The "interest rate swap" rip-off is an emerging scandal that is getting increased attention in the U.S. The city of Baltimore is suing the banks around it. California's Water Resources Department lost $305 million to Morgan Stanley on these rigged interest rate bets. The state of North Carolina lost $60 million. The small city of Reading Pennsylvania lost $21 million. The San Francisco International Airport lost $22 million. The Bay Area (San Francisco-Oakland) Metropolitan Transit Authority has lost a net $235 million in interest rate swaps. Jefferson County Alabama (the home county of Birmingham) became the biggest municipal bankruptcy on record, and much of its crisis stemmed from losses on interest rate swaps.

Certainly, in the Oakland area, there is considerable ferment around the growing awareness that schools are being closed, bus service cut back, pensions being rewritten, public workers laid off and programs cuts, while the banks continue to haul in hundreds of millions of dollars from these swaps in the Bay Area alone. The Oakland city council last month voted unanimously to terminate all business with Goldman Sachs if it doesn't release the city without early termination penalty -- the issue had been pushed by a reform coalition including clergy, community groups, and some local labor leaders. The faculty and staff unions in the Peralta Community College district (the community college district for Oakland and environs) have organized rallies and forums demanding that Morgan Stanley release them from the interest rate swap without penalty. The West Contra Costa Unified School District (a low-income, predominantly black and Latino area about 10 miles north of Oakland) is suing to be released from an interest rate swap -- like Oakland and the Peralta college district, they long ago paid off the principal (the West Contra Costa fight is being led by a reformist coalition including the local Green Party, the teachers' union, community groups, and others).

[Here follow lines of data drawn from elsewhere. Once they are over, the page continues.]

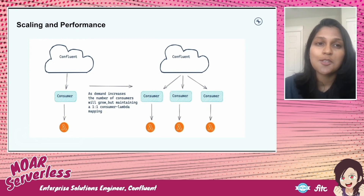Thank you so much for this opportunity. I hope it provided a glimpse into what a serverless streaming application is like with ksqlDB and AWS Lambda. Thank you.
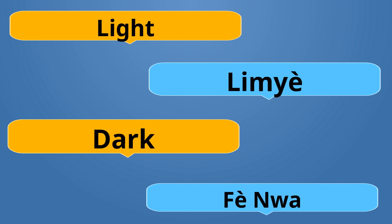Light, like the light you turn on in your house is Limyè. The light bulb is also called Limyè. Dark is Fè Nwa. Limyè is the opposite of Fè Nwa.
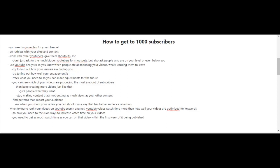When you shoot your next videos, shoot them in a way that has better audience retention. When trying to rank your videos on YouTube's search engine, YouTube values watch time more than how well your videos are optimized for keywords. Focus on ways to increase watch time on your videos. You need to get as much watch time as you can on your videos within the first week of them being published, because that will greatly influence their rankings on YouTube's search engines.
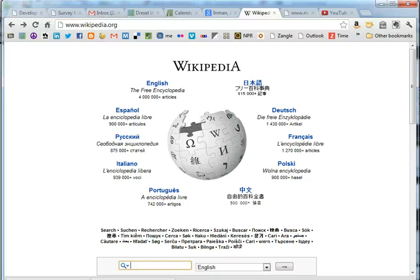You should never use Wikipedia as a source for academic writing. However, sometimes it can be very helpful to use it just to find some information, and then it could lead you to places that are actually good academic sources. This is going to be a brief overview on how to correctly use Wikipedia for academic purposes.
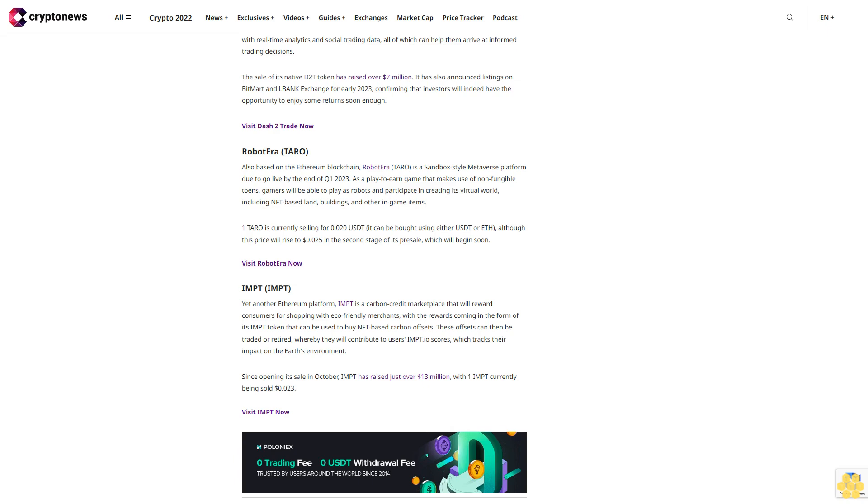IMPT (IMPT). Yet another Ethereum platform, IMPT is a carbon credit marketplace that will reward consumers for shopping with eco-friendly merchants, with the rewards coming in the form of its IMPT token that can be used to buy NFT-based carbon offsets. These offsets can then be traded or retired, whereby they will contribute to users' IMPT.IO scores, which tracks their impact on the Earth's environment.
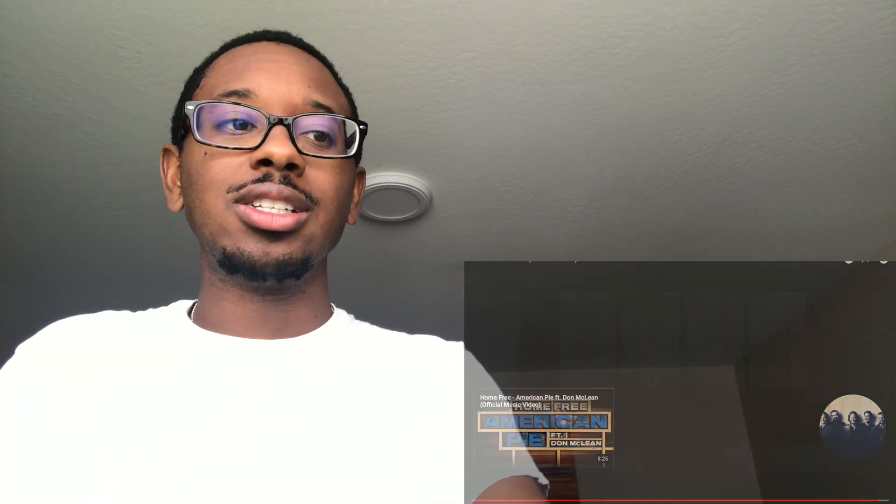He's got a beautiful voice. I've never heard of him before. He's a dope artist. Would you guys be interested in me reacting to more Jeffrey East's music?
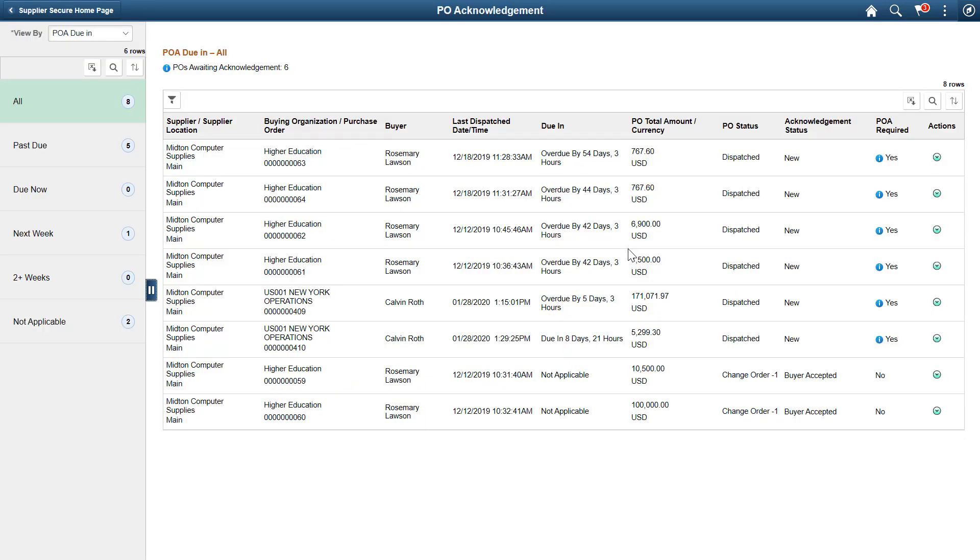On the PO Acknowledgement page, you can see the list of your POAs and move between supplier activities related to purchase orders, like inquiring on purchase orders, printing, downloading, acknowledgements, and entering advanced shipment notifications.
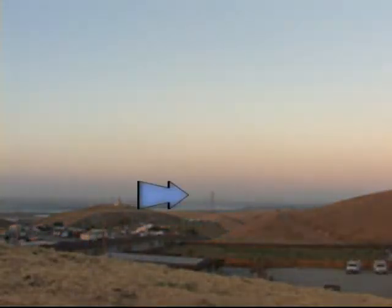Turn to the east, just after sunset, and you'll see a hazy, darker blue band appear above the eastern horizon. That's the shadow of Earth.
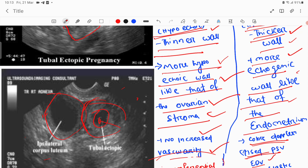If you see the wall is hypoechoic and similar to the ovarian stroma, compare it with the ovarian stroma. If the ovarian stroma echogenicity is similar to the wall of the lesion, then it is a corpus luteum. If the wall is more echogenic — hyperechoic, appearing more white, similar to endometrial thickness — then it is an ectopic pregnancy.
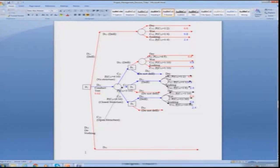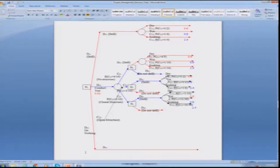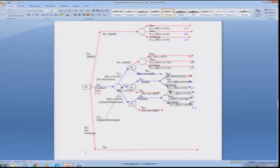Looking at the overall diagram, you must conduct a test; depending on the outcome — no structure, open structure, or closed structure — you get the overall values as given. The negative values are outflows, and positive values 0.8 and 2.4 are shown in blue. The value of 0.02 and similar figures are the sunk costs.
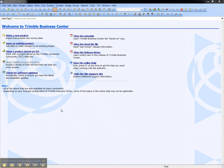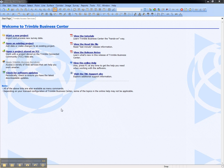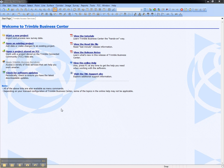This video shows how to convert Trimble Access General Survey and Survey Controller jobs to newer versions using the File Conversion service inside of Trimble Business Center. Note, this is available for all users of Trimble Business Center.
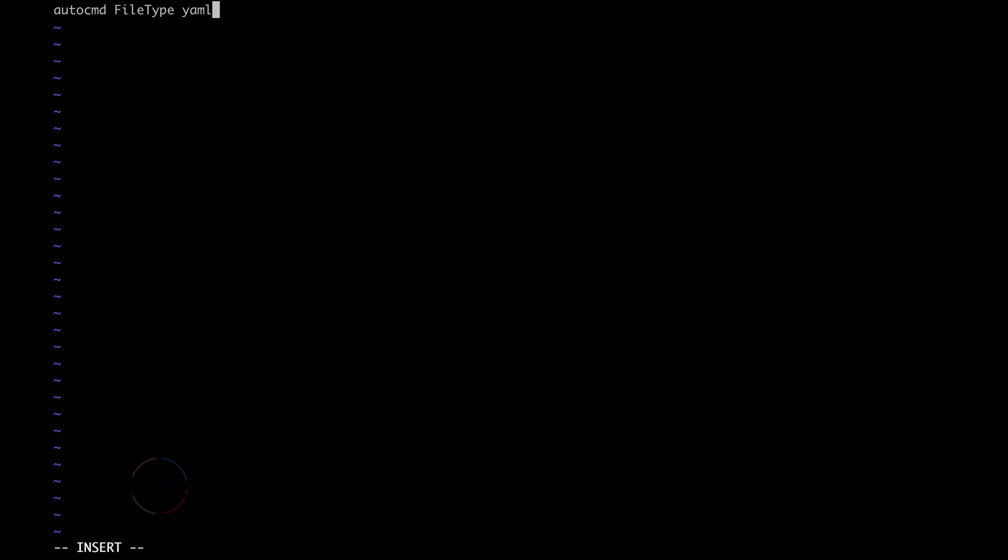Then we add the parameters like setlocal, then we will add expandtab, then some other things like tabstop, then autoindent, then we will show the number, the line number and sts equal to zero.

The reason Libor hasn't yet generated more anger is that it remains opaque to most people – as we said at the outset, it’s too often presented as "a victimless crime". I hope this piece has helped to make things more intelligible. I think that anger around the Libor rate-rigging rip-off will combine with the already quite pervasive if inchoate anger at the recapitalization of the banks coming at the expense of workers' living standards (wages, jobs, pensions, schools, public services). And it will combine with the anger around student loan debt (and consequent indentured servitude of 36 million U.S. students and former students).

Not another penny for the banks!
Bail out schools and services, end foreclosures!
End the rip-offs – reorganize the financial sector under public control!